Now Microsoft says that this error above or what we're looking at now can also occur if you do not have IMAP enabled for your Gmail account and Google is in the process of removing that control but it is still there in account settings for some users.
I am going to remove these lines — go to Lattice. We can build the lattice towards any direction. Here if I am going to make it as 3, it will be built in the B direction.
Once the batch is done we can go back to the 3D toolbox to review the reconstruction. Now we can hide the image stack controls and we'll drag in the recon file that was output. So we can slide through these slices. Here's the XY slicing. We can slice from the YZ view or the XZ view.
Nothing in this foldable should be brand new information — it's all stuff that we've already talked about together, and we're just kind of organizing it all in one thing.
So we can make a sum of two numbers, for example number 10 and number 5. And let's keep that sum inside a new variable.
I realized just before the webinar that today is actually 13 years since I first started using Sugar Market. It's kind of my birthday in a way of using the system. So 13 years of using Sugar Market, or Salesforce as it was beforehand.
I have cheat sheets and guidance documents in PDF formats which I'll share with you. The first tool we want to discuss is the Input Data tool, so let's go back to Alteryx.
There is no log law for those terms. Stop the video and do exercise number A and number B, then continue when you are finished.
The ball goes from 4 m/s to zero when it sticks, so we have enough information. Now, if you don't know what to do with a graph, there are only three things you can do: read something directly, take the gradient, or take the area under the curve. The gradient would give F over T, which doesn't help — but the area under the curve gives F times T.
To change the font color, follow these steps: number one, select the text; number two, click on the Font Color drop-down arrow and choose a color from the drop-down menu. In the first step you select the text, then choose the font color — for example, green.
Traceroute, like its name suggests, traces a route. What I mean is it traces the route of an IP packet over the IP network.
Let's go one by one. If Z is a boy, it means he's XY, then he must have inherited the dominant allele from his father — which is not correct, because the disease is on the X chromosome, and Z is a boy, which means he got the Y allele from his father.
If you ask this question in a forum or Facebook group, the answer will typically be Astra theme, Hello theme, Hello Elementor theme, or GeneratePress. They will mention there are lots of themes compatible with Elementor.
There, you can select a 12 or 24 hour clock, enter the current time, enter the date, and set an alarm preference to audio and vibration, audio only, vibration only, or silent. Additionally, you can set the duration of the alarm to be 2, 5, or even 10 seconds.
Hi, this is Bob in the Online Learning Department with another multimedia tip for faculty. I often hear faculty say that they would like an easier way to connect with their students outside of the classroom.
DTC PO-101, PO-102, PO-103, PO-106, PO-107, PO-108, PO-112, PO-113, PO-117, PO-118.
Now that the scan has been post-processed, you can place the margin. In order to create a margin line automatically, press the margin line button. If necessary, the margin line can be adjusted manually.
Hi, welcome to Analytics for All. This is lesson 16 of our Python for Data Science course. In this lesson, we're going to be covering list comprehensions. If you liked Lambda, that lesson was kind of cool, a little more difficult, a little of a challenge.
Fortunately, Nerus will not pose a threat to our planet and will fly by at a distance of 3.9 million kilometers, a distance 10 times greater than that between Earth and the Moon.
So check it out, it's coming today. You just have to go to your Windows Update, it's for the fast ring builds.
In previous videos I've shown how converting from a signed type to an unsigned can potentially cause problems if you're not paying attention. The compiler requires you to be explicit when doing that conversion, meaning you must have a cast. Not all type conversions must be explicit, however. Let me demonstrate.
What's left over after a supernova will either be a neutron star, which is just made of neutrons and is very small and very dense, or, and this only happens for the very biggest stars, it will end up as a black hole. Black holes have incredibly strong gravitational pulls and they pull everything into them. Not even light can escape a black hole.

__Task requirements__: Transcribe the data above in full, exactly as it appears.

__Answer to this problem__:
Now Microsoft says that this error above or what we're looking at now can also occur if you do not have IMAP enabled for your Gmail account and Google is in the process of removing that control but it is still there in account settings for some users.
I am going to remove these lines — go to Lattice. We can build the lattice towards any direction. Here if I am going to make it as 3, it will be built in the B direction.
Once the batch is done we can go back to the 3D toolbox to review the reconstruction. Now we can hide the image stack controls and we'll drag in the recon file that was output. So we can slide through these slices. Here's the XY slicing. We can slice from the YZ view or the XZ view.
Nothing in this foldable should be brand new information — it's all stuff that we've already talked about together, and we're just kind of organizing it all in one thing.
So we can make a sum of two numbers, for example number 10 and number 5. And let's keep that sum inside a new variable.
I realized just before the webinar that today is actually 13 years since I first started using Sugar Market. It's kind of my birthday in a way of using the system. So 13 years of using Sugar Market, or Salesforce as it was beforehand.
I have cheat sheets and guidance documents in PDF formats which I'll share with you. The first tool we want to discuss is the Input Data tool, so let's go back to Alteryx.
There is no log law for those terms. Stop the video and do exercise number A and number B, then continue when you are finished.
The ball goes from 4 m/s to zero when it sticks, so we have enough information. Now, if you don't know what to do with a graph, there are only three things you can do: read something directly, take the gradient, or take the area under the curve. The gradient would give F over T, which doesn't help — but the area under the curve gives F times T.
To change the font color, follow these steps: number one, select the text; number two, click on the Font Color drop-down arrow and choose a color from the drop-down menu. In the first step you select the text, then choose the font color — for example, green.
Traceroute, like its name suggests, traces a route. What I mean is it traces the route of an IP packet over the IP network.
Let's go one by one. If Z is a boy, it means he's XY, then he must have inherited the dominant allele from his father — which is not correct, because the disease is on the X chromosome, and Z is a boy, which means he got the Y allele from his father.
If you ask this question in a forum or Facebook group, the answer will typically be Astra theme, Hello theme, Hello Elementor theme, or GeneratePress. They will mention there are lots of themes compatible with Elementor.
There, you can select a 12 or 24 hour clock, enter the current time, enter the date, and set an alarm preference to audio and vibration, audio only, vibration only, or silent. Additionally, you can set the duration of the alarm to be 2, 5, or even 10 seconds.
Hi, this is Bob in the Online Learning Department with another multimedia tip for faculty. I often hear faculty say that they would like an easier way to connect with their students outside of the classroom.
DTC PO-101, PO-102, PO-103, PO-106, PO-107, PO-108, PO-112, PO-113, PO-117, PO-118.
Now that the scan has been post-processed, you can place the margin. In order to create a margin line automatically, press the margin line button. If necessary, the margin line can be adjusted manually.
Hi, welcome to Analytics for All. This is lesson 16 of our Python for Data Science course. In this lesson, we're going to be covering list comprehensions. If you liked Lambda, that lesson was kind of cool, a little more difficult, a little of a challenge.
Fortunately, Nerus will not pose a threat to our planet and will fly by at a distance of 3.9 million kilometers, a distance 10 times greater than that between Earth and the Moon.
So check it out, it's coming today. You just have to go to your Windows Update, it's for the fast ring builds.
In previous videos I've shown how converting from a signed type to an unsigned can potentially cause problems if you're not paying attention. The compiler requires you to be explicit when doing that conversion, meaning you must have a cast. Not all type conversions must be explicit, however. Let me demonstrate.
What's left over after a supernova will either be a neutron star, which is just made of neutrons and is very small and very dense, or, and this only happens for the very biggest stars, it will end up as a black hole. Black holes have incredibly strong gravitational pulls and they pull everything into them. Not even light can escape a black hole.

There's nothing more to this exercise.